So instead, let’s look at evidence that these high ratios might be systematic, and due to lags in removal. ​First, consider renters.

Wards with more renters have higher registration rates in the population, including many rates over 100%. On the one hand, this is surprising because we actually expect renters to be *less* likely to vote; they are often newer to thei
r home and to the city, and less invested in local politics. On the other hand, they have higher turnover, so any lag in removing voters will mean more people are registered at a given address. The visible positive correlation suggests that the second is so strong as to even overcome the first.

​(For reference, here’s a map of Ward numbers)

There’s an even stronger signal than renters, though. Consider the Wards that lost population between 2010 and 2016, according to the Census.

The group of Wards that saw the greatest declines in population also have the highest proportions of registered voters (except for 65, which is a drastic outlier). This correlation suggests that the leaving residents may not be removed from the rolls, further pointing the finger at that as the culprit.

Finally, let’s look at Philadelphia versus *the rest of the state*. It turns out that Philadelphia’s registered voter to adult citizen ratio is typical of the state, especially when you consider its high turnover.

First, there isn’t a strong correlation between Registered Voters per adult citizen and Democratic counties.

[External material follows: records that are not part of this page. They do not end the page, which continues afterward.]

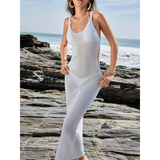 Delicate Sheer Swimsuit Cover Up by Babe Beachwear worn on rocky beach with ocean background
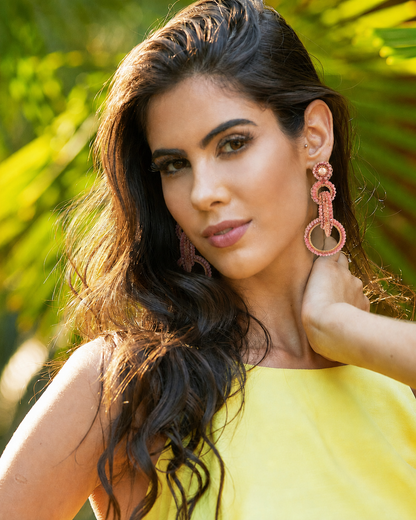 A woman with long, wavy dark brown hair wearing large, pinkish-red textured drop earrings and a bright yellow top, posing outdoors with a blurred background of green foliage. interlocked link earrings, hand-crocheted earrings, rose quartz earrings, rose gold filled earrings, 18k rose gold filled earrings, handmade Brazilian earrings, artisan statement earrings, lightweight earrings, hypoallergenic earrings, nickel free earrings, circular link earrings, wedding earrings, romantic earrings, resort earrings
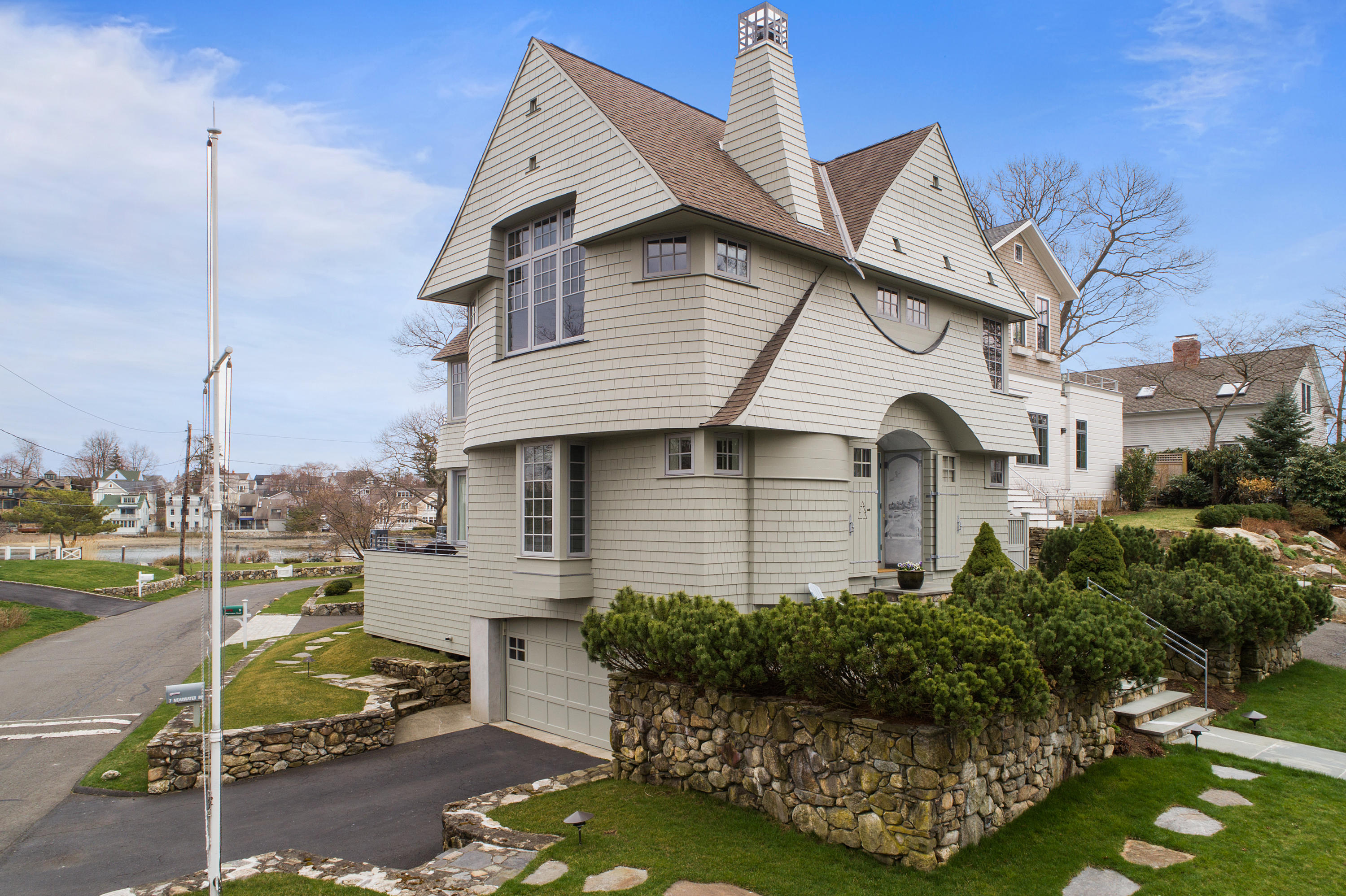 7 Nearwater Road Norwalk, CT 06853 - Photo 25 of 25 a front view of a house with a garden
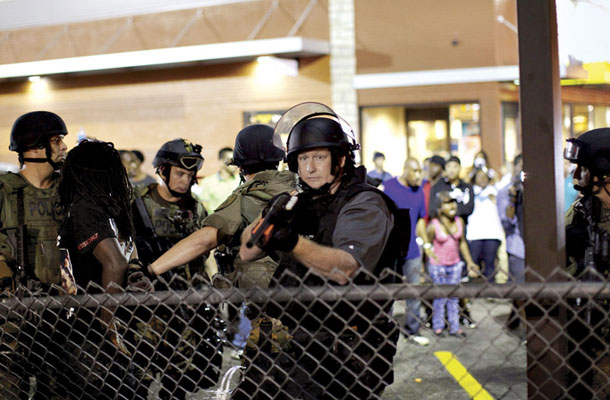 Preplašeni policist z nabito puško med protesti v Fergusonu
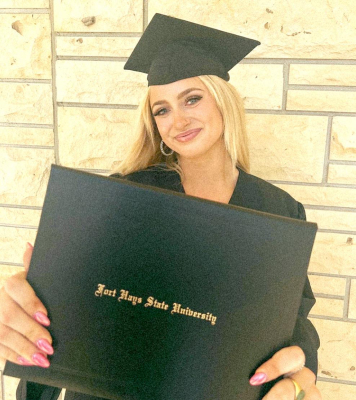 Receives Degree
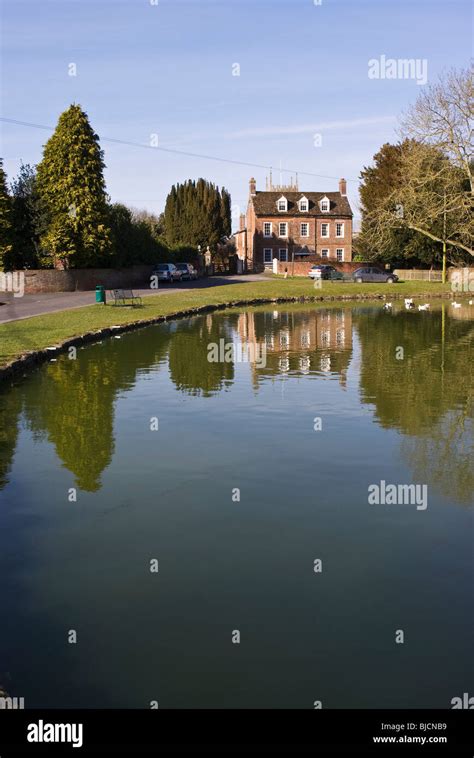 Village Pond And Reflections In Urchfont Wiltshire England Uk Eu Stock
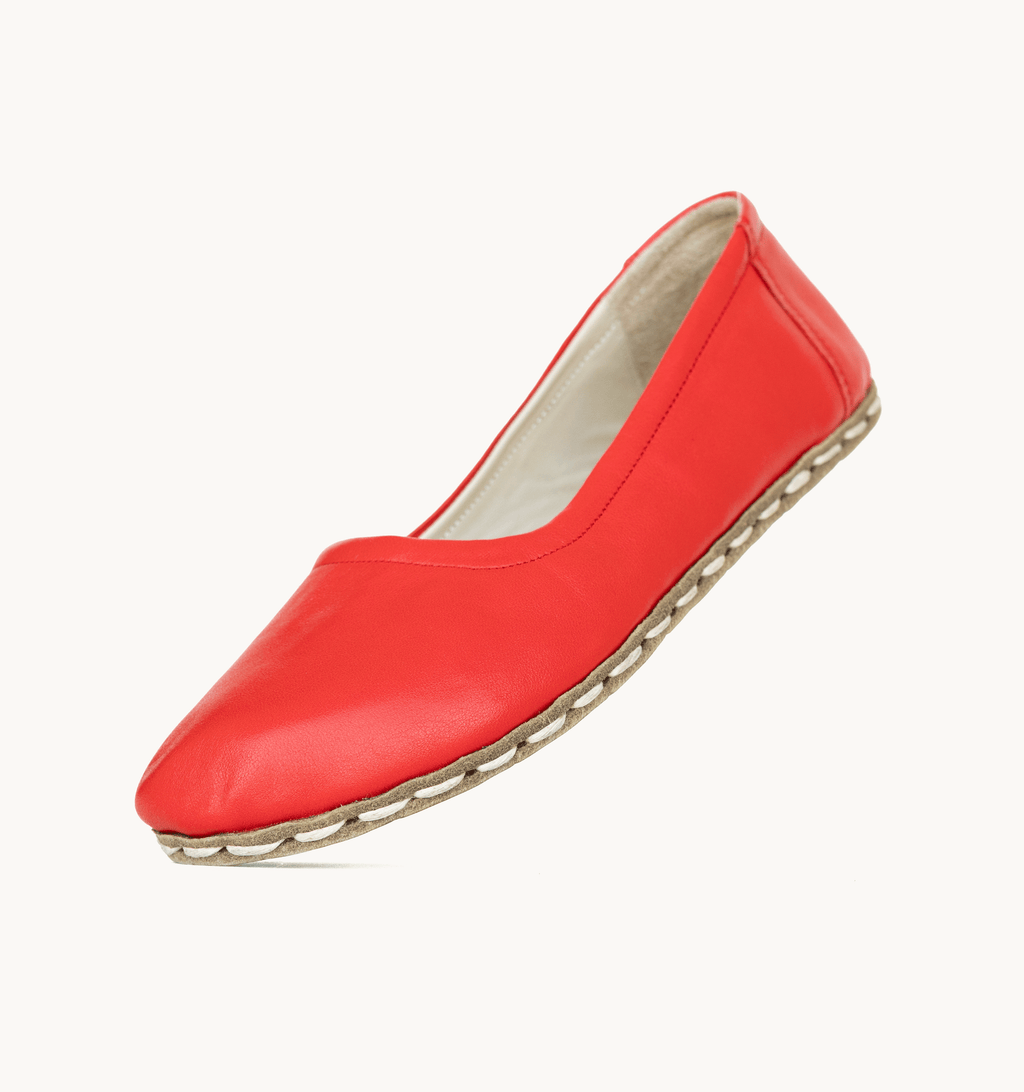 Crimson women's barefoot leather ballet flat held in hand, sole and stitch detail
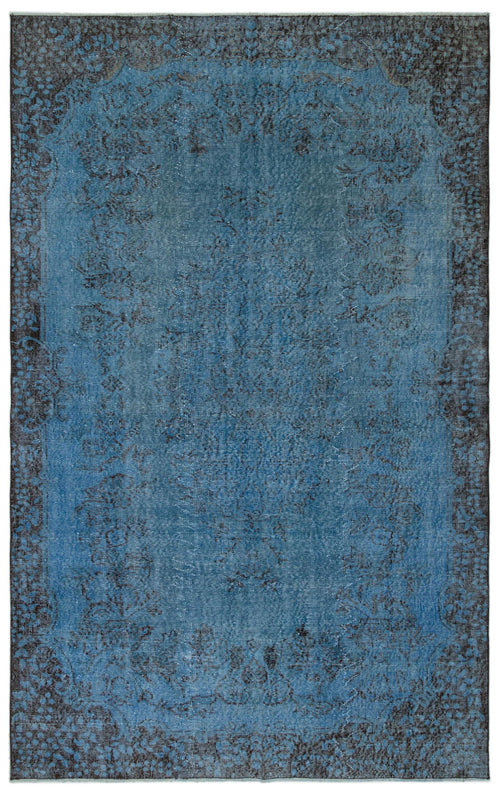 Load image 1 in gallery view. Blue and charcoal distressed traditional rug with a central floral medallion and ornate border.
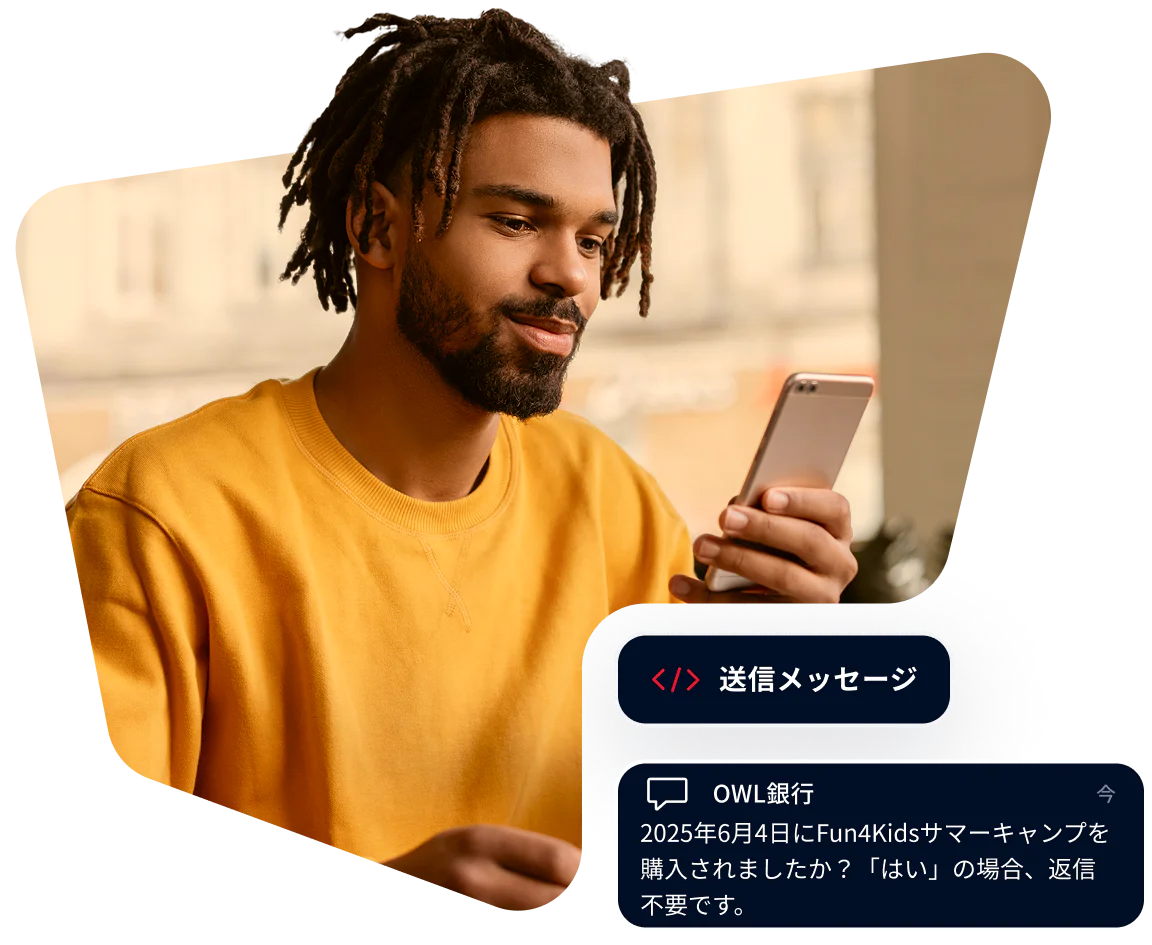 Young Man Receiving a Bank Message on Smartphone Man in yellow shirt looking at phone with a message from Owl Bank about a summer camp purchase.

Allegheny and Philadelphia, to two most Democratic counties are 1st and 6th, respectively, but predominantly-Republican Pike County, outside of Scranton, is second, and the rest of Philadelphia’s wealthier suburbs are 3, 4, 5, and 7. (I’m not totally sure what’s going on with Forest County, at the bottom of the plot, but the next scatterplot helps a little bit).

​More telling is a county’s fraction of the residents that have moved in since 2000: it looks like counties with higher turnover has higher ratios, which we would expect if the culprit were lagging removal.

Philadelphia here looks entirely normal: counties with more recent arrivals have higher ratios. This also sheds some light on Forest County. With a population of only 7,000, it’s an outlier in terms of long-term residents, and thus has a *very* low registration-to-citizen ratio.

Apologies for the long explanation. I didn’t want to just ignore this finding, but I’m terrified it’ll be discovered and used by some conspiracy theorist.

Exactly where the voters fall out of the funnel matters
Philadelphia’s diverse wards have a diverse array of turnout challenges. Unfortunately, the voter registration rolls are pretty unhelpful as a signal, at least in the simplistic aggregate way I considered them here. (Again: good for democracy, bad for blogging).

Which stage of the funnel matters depends on two things: their respective sizes, and how easy it is to move each. Is it more plausible to get out the citizens who didn’t vote in 2016? Or is it more plausible to get the 2016 voters out again in 2018? Where will registration drives help, and where is that not the issue?

​Next year’s mayoral primary, a local election with an incumbent mayor, will likely be an exaggerated version of the midterm, with even more significant fall-off than we saw in November. More on that later.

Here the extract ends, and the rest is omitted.